Could you transcribe exactly the lines from the one containing "Hymer T 698" through the end of the listing below, both included, but none of the pictures?
----- Available data
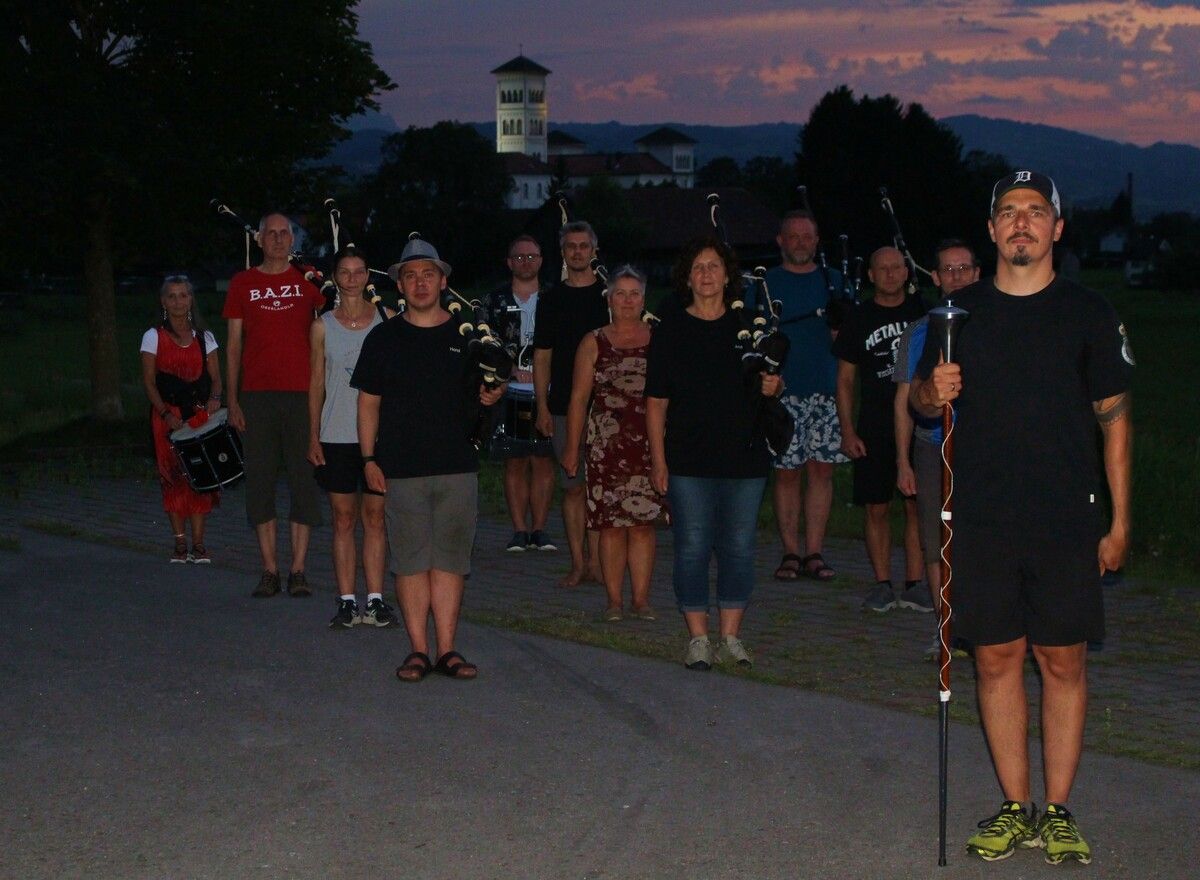 Vor imposanter Kulisse – intensive Vorbereitung auf das Allgaischottenfescht in Argenbühl-Ratzenried in der deutschen Nachbarschaft. STP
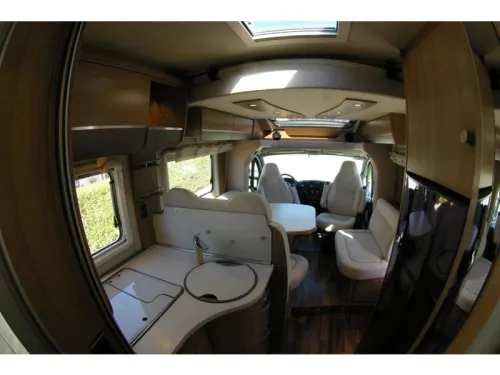 Hymer T 698 CL Queensbed, Hubdach, Garage Foto: 5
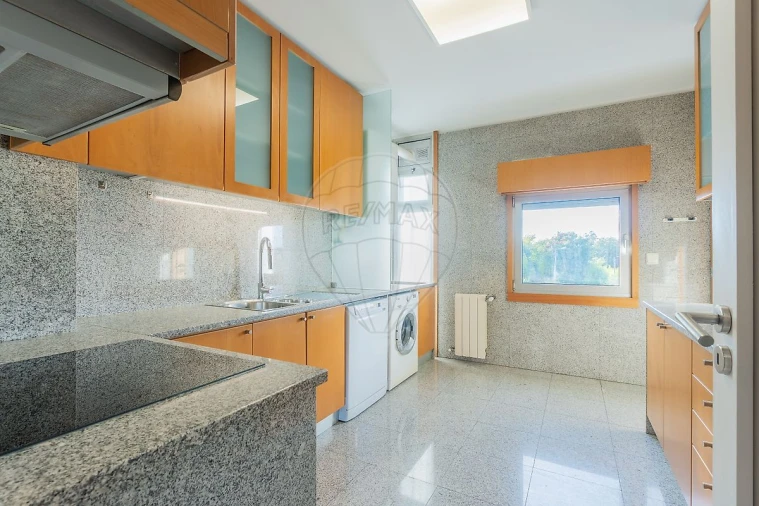Apartamento T2 para Venda em Nogueira e Silva Escura Foto 4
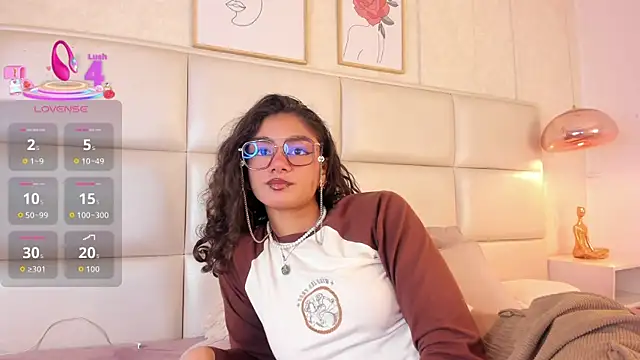 Puffy Hearts online show from 10.23.25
----------
Your response:
 Hymer T 698 CL Queensbed, Hubdach, Garage Foto: 5
Apartamento T2 para Venda em Nogueira e Silva Escura Foto 4
 Puffy Hearts online show from 10.23.25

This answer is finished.